• Work required
Every record, from the first to the last, is to be printed again exactly.

[Crawled caption data]
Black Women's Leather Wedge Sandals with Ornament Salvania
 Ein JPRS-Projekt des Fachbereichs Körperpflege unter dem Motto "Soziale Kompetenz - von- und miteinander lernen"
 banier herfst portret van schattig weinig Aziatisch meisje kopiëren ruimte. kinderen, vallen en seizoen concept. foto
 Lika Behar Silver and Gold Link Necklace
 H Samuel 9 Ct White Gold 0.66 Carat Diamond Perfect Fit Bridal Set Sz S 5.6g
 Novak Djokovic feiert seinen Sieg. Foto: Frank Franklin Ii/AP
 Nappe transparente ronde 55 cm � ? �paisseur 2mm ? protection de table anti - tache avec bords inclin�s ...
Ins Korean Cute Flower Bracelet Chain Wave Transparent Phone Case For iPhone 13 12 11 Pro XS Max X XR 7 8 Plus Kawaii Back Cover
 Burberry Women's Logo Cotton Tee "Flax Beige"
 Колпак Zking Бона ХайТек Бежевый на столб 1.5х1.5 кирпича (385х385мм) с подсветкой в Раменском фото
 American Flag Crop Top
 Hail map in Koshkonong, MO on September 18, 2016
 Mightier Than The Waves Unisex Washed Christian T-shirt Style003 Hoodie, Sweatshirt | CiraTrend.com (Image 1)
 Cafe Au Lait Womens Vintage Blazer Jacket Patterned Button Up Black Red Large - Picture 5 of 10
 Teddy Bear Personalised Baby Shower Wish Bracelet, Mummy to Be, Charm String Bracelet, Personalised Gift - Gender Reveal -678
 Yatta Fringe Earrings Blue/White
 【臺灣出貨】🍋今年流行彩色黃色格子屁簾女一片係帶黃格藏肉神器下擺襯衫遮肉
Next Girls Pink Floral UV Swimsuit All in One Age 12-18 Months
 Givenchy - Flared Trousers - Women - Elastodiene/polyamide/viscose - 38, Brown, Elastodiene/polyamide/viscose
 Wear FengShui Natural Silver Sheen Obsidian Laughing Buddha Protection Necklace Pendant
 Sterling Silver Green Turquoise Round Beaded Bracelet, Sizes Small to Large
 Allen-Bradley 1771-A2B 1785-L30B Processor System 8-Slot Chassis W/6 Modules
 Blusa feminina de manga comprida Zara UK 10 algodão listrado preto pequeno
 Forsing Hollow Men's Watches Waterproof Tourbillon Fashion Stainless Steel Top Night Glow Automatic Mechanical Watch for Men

• Exercise output
Black Women's Leather Wedge Sandals with Ornament Salvania
 Ein JPRS-Projekt des Fachbereichs Körperpflege unter dem Motto "Soziale Kompetenz - von- und miteinander lernen"
 banier herfst portret van schattig weinig Aziatisch meisje kopiëren ruimte. kinderen, vallen en seizoen concept. foto
 Lika Behar Silver and Gold Link Necklace
 H Samuel 9 Ct White Gold 0.66 Carat Diamond Perfect Fit Bridal Set Sz S 5.6g
 Novak Djokovic feiert seinen Sieg. Foto: Frank Franklin Ii/AP
 Nappe transparente ronde 55 cm � ? �paisseur 2mm ? protection de table anti - tache avec bords inclin�s ...
Ins Korean Cute Flower Bracelet Chain Wave Transparent Phone Case For iPhone 13 12 11 Pro XS Max X XR 7 8 Plus Kawaii Back Cover
 Burberry Women's Logo Cotton Tee "Flax Beige"
 Колпак Zking Бона ХайТек Бежевый на столб 1.5х1.5 кирпича (385х385мм) с подсветкой в Раменском фото
 American Flag Crop Top
 Hail map in Koshkonong, MO on September 18, 2016
 Mightier Than The Waves Unisex Washed Christian T-shirt Style003 Hoodie, Sweatshirt | CiraTrend.com (Image 1)
 Cafe Au Lait Womens Vintage Blazer Jacket Patterned Button Up Black Red Large - Picture 5 of 10
 Teddy Bear Personalised Baby Shower Wish Bracelet, Mummy to Be, Charm String Bracelet, Personalised Gift - Gender Reveal -678
 Yatta Fringe Earrings Blue/White
 【臺灣出貨】🍋今年流行彩色黃色格子屁簾女一片係帶黃格藏肉神器下擺襯衫遮肉
Next Girls Pink Floral UV Swimsuit All in One Age 12-18 Months
 Givenchy - Flared Trousers - Women - Elastodiene/polyamide/viscose - 38, Brown, Elastodiene/polyamide/viscose
 Wear FengShui Natural Silver Sheen Obsidian Laughing Buddha Protection Necklace Pendant
 Sterling Silver Green Turquoise Round Beaded Bracelet, Sizes Small to Large
 Allen-Bradley 1771-A2B 1785-L30B Processor System 8-Slot Chassis W/6 Modules
 Blusa feminina de manga comprida Zara UK 10 algodão listrado preto pequeno
 Forsing Hollow Men's Watches Waterproof Tourbillon Fashion Stainless Steel Top Night Glow Automatic Mechanical Watch for Men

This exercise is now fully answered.